# British shorthair wanted



## SpringerHusky (Nov 6, 2008)

I will be moving out sometime this year and my two dogs will be coming with me so forth my mum's asked me to keep an ear out for a another cat. We currently have a turkish van x siamese nueterd male.

My mum is really after a silver or blue colour and would rather not have a kitten.
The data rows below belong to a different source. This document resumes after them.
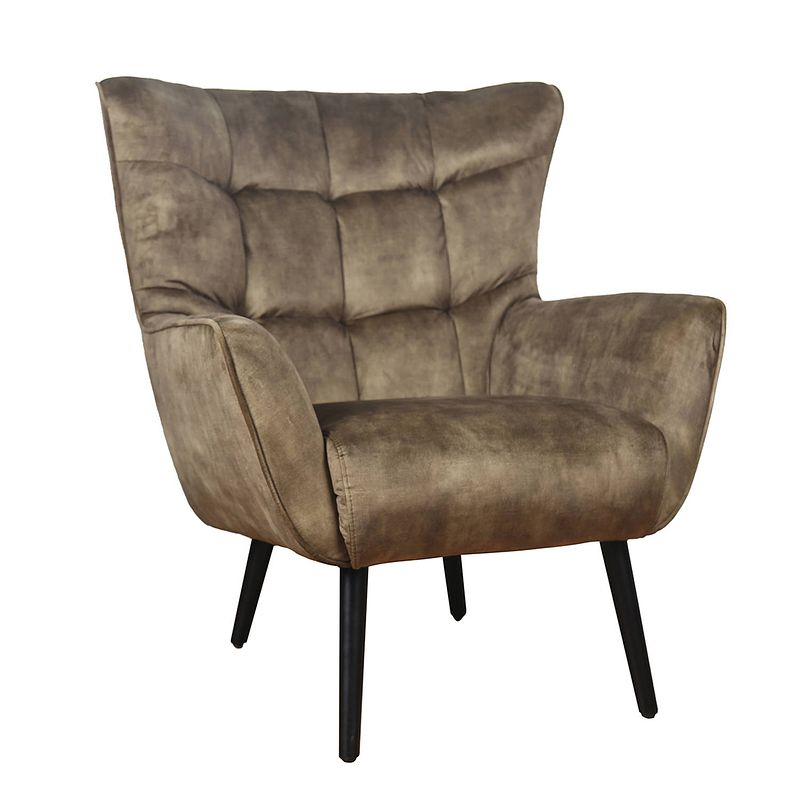 Foto van Ptmd kian velvet washed fauteuil olive green velvet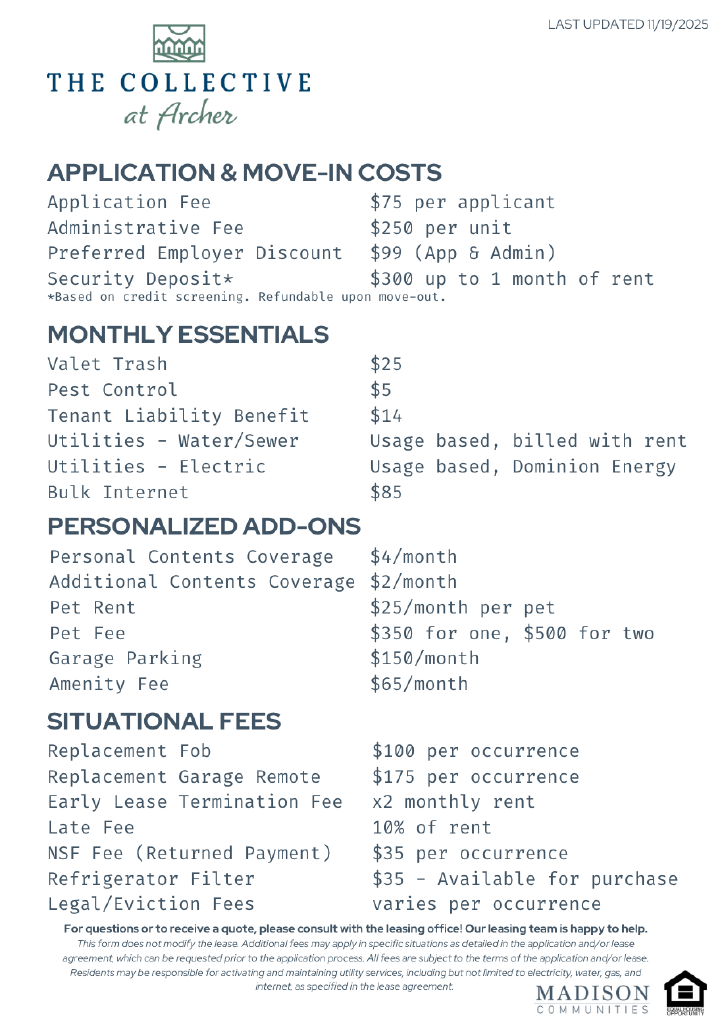 Move-in Cost Page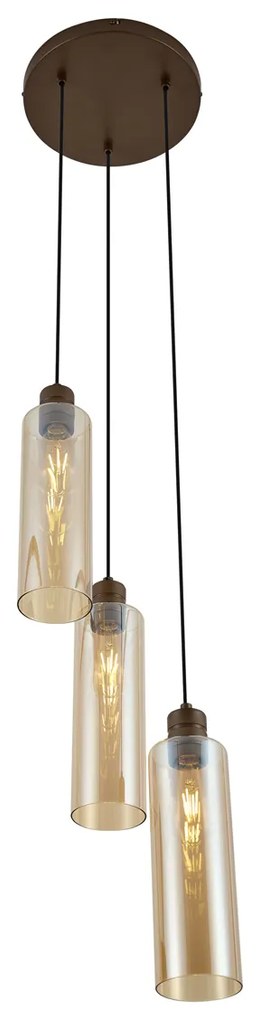Lampă suspendată Hotel Chic bronz închis cu sticlă ambră 3 lumini - Stavelot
I know we can't rehome one now but I was wondering if someone knew somewhere that maybe gets them in on occasion or so? (well technically we could but my mum thinks it will be hard to find a cat BHS that could live with dogs and it may be better once i'm gone)

Thanks :biggrin5:


----------



## Beardy (Jun 4, 2008)

Well, your Mum is wrong:hand:............I have a BSH female. I emailed a few local breeders, I didn't want a kitten, it needed to get on with dogs. I have a GSD & a terrier. Luckily I found 'Lily', she was used to labradoodles, so was absolutely fine with the GSD, it was the terrier she wasn't too sure of. She is a lovely, friendly cat. I paid £100 for her & the breeder/owner had her spayed before I took her, she was also fully inoculated. I suggest you get searching. I had loads of replies from breeders looking for good homes for older cats.


----------



## SpringerHusky (Nov 6, 2008)

Wow that's awesome, yes a neighbor said they did the same and reccomended a magazine though we coulden't find it but hers aparently was used to dogs too. That's awesome thank you and lily is a very pretty cat


----------